- **TASK TO CARRY OUT**
The listing below has to be output exactly as given, less its pictures.

- **DATA**

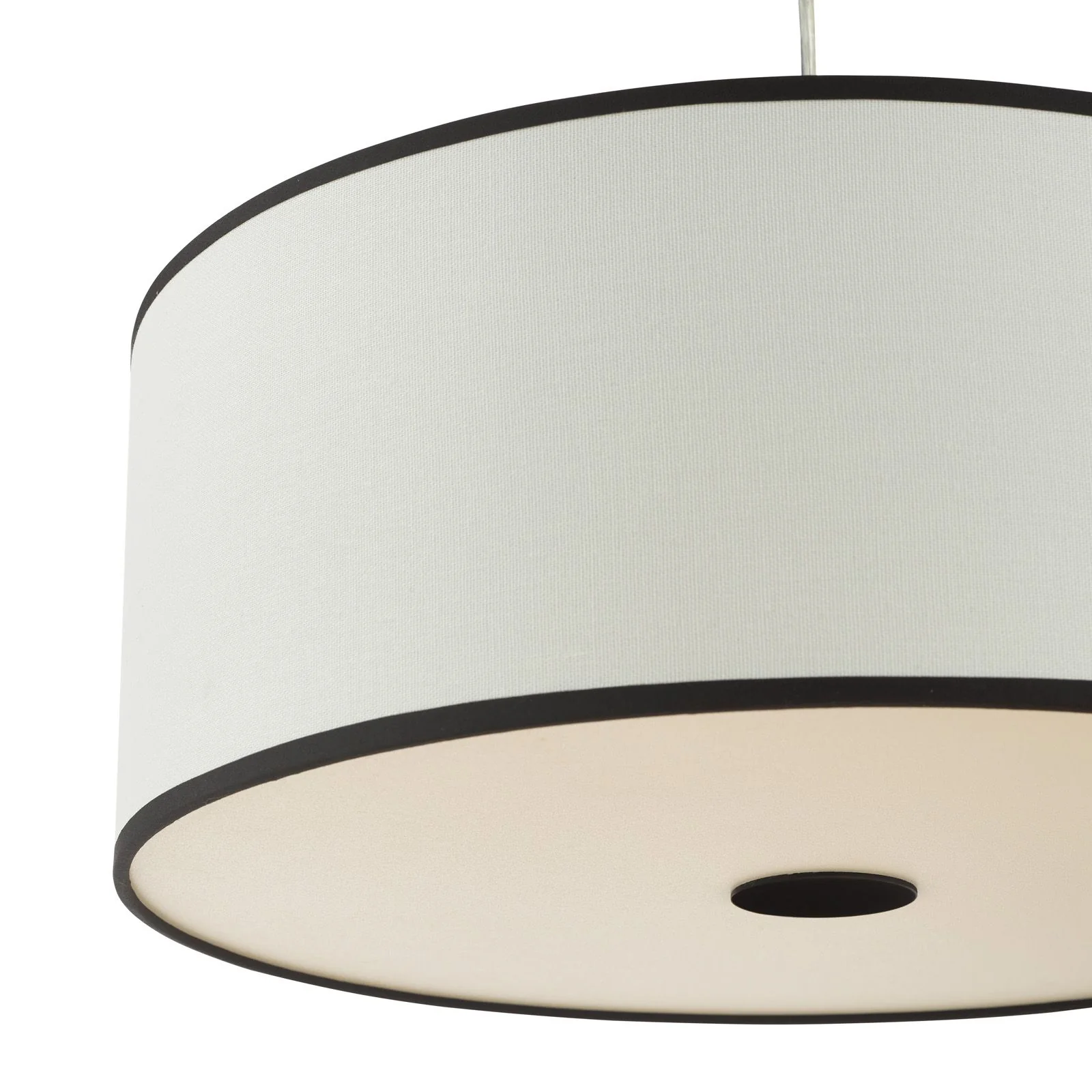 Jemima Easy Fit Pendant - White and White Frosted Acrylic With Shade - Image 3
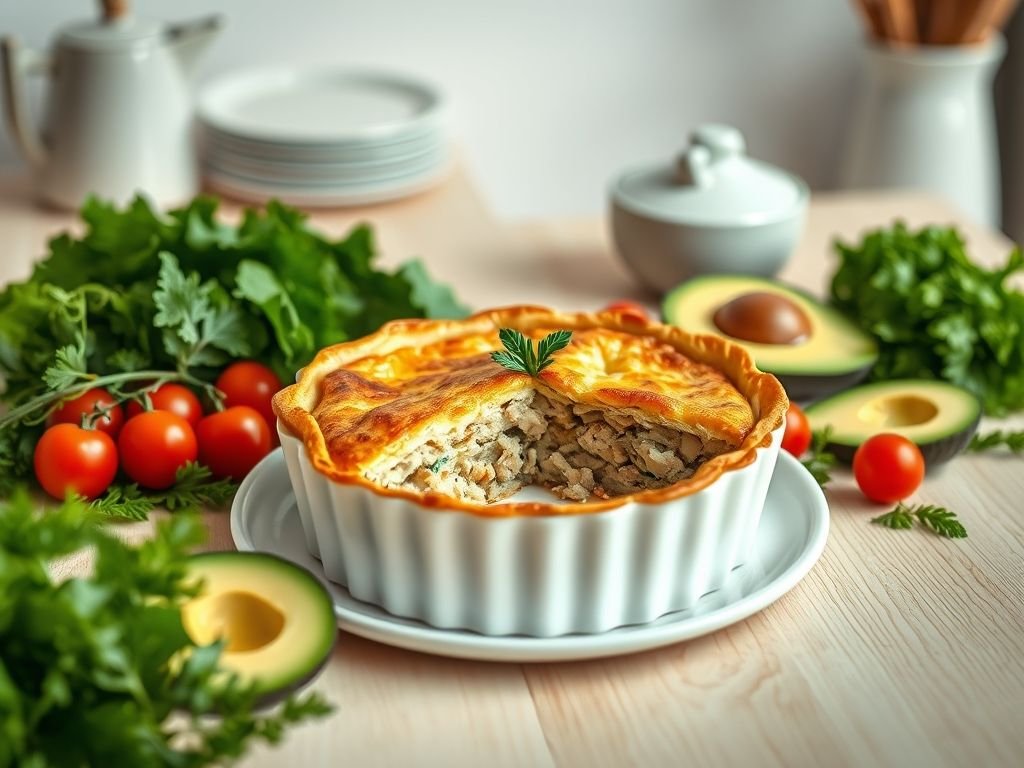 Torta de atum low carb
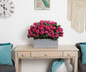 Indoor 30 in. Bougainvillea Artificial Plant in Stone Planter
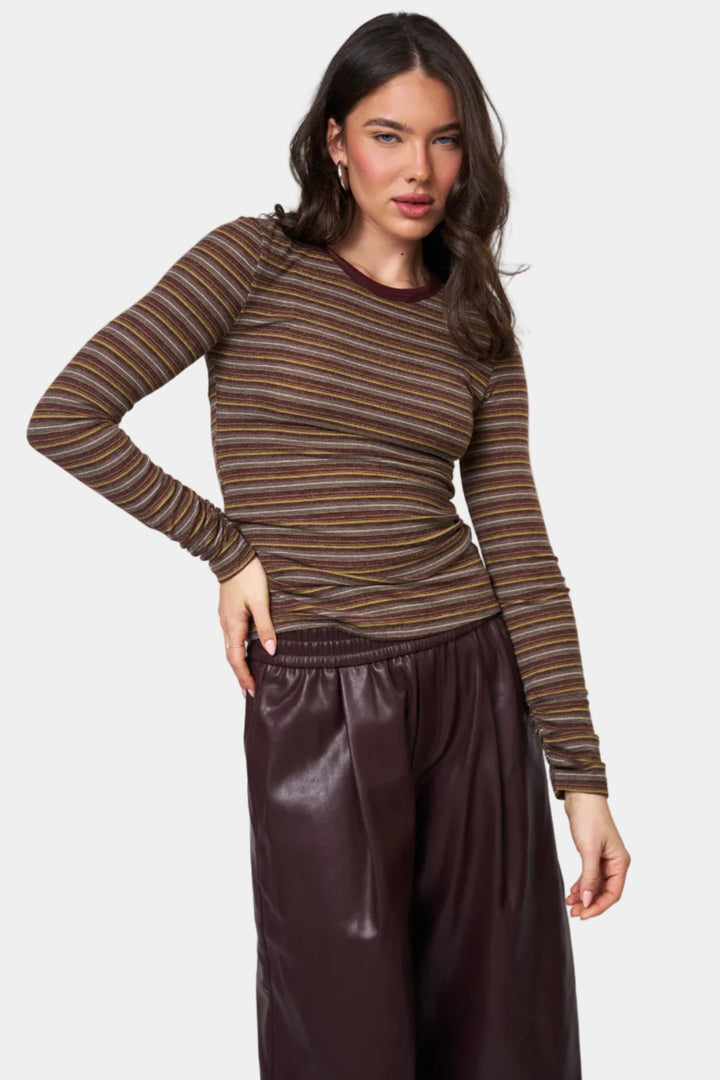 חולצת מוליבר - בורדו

- **RESULT OF THE EXERCISE**
 Jemima Easy Fit Pendant - White and White Frosted Acrylic With Shade - Image 3
 Torta de atum low carb
 Indoor 30 in. Bougainvillea Artificial Plant in Stone Planter
 חולצת מוליבר - בורדו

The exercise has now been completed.